Our final article, PPP The Keys to Success, returns to the much debated and much travelled area of academic study, PPP, and discusses the allocation of risk in such projects. Udrescu’s focus is on so-called availability-based PPP, defined by Udrescu as where a private party designs finances builds or rebuilds and subsequently operates and maintains the infrastructure, with the public authority paying for the services provided by the private partner (rather than user payment mechanisms). Following an overview, Udrescu delves into die various risks that need to be considered, separating out public sector risks (such as currency risk exchange and inflation), private sector risks (such as design risks, latent defects), and investor risks (such as long stop dates and third-party revenues) as well as shared risks (such as changes in the law and force majeure). This compendious analysis of the risks makes very interesting reading for anyone involved in, or considering involvement in, PPP.
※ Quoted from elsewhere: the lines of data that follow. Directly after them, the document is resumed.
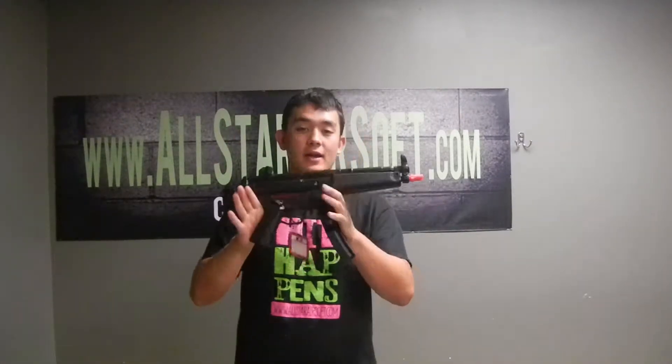What's going on Airsoft, it's Panda here with All Star Airsoft. Today I'm giving you guys your weekly gun review, the ICS MP5.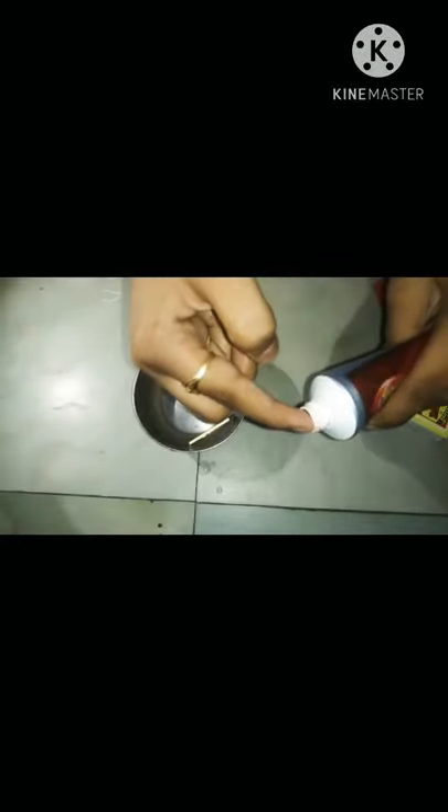How can I fire it? It is wet, right. So I will spread the paste all over the matchstick. See, I spread the paste all over the matchstick. Now I will remove the paste immediately and let's see what happens when we fire it.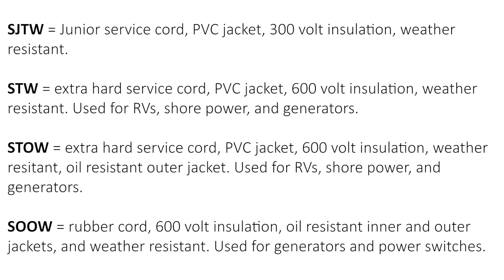STOW is typically used for RVs, shore power, and generators. SOOW is a rubber service cord with 600 volt insulation, inner and outer jackets that are oil resistant, and weather resistant — good for use with generators.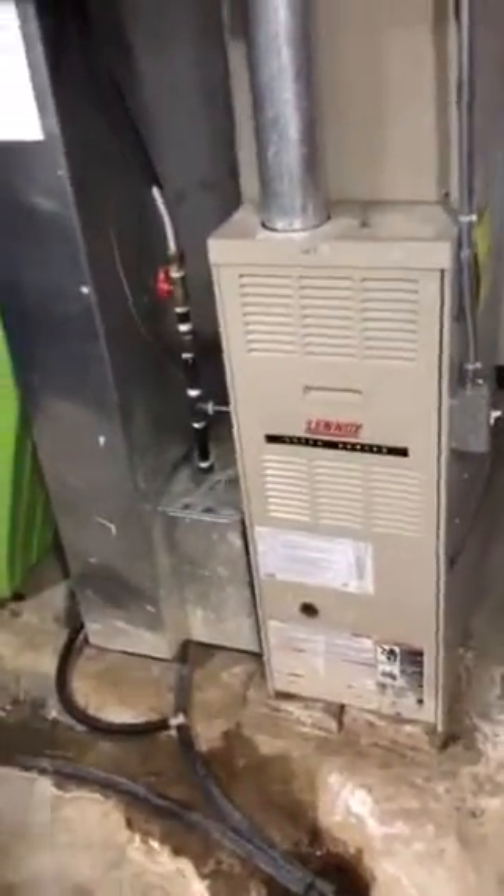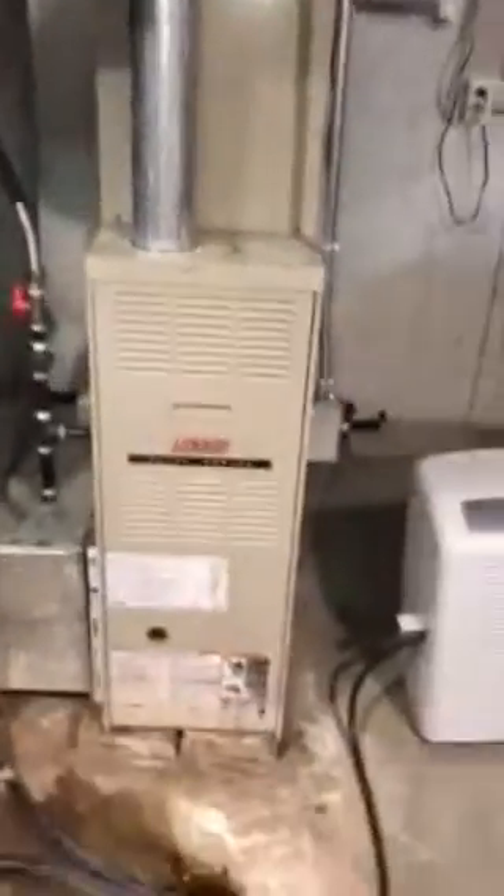I'm down in Jeff Espy's basement. We're looking at a 70,000 BTU Lennox furnace with a three-ton air conditioning coil. We're going to look at replacing the whole system.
In the casenote for this part, we return to the topic of delay on construction projects and how delay claims should be approached, Stephenson and Hrustanpasic provide a detailed analysis of the recent decision White Construction Pty Ltd v PBS Holdings Pty Ltd. The decision of the New South Wales Supreme Court attracted more than usual attention due to the court’s rejection of both parties’ delay analysis methodologies, relying instead upon the advice of a court appointed expert. The thoughtful commentary on the case by Stephenson and Hrustanpasic emphasises that while the judgment acts as “reality check”, this judgment should not detract from a rigorous analysis of the facts combined with a clear and detailed explanation of how delay events impacted on activities. Often the critical question concerns the relationship between delays to activities and incurring cost and the distinction between delay and disruption. An analysis of critical delay to the overall completion date will not necessarily answer the question as to how and why the delay related cost has been incurred.
We conclude with Bell’s review of the 14th Edition of Hudson’s Building and Engineering Contracts.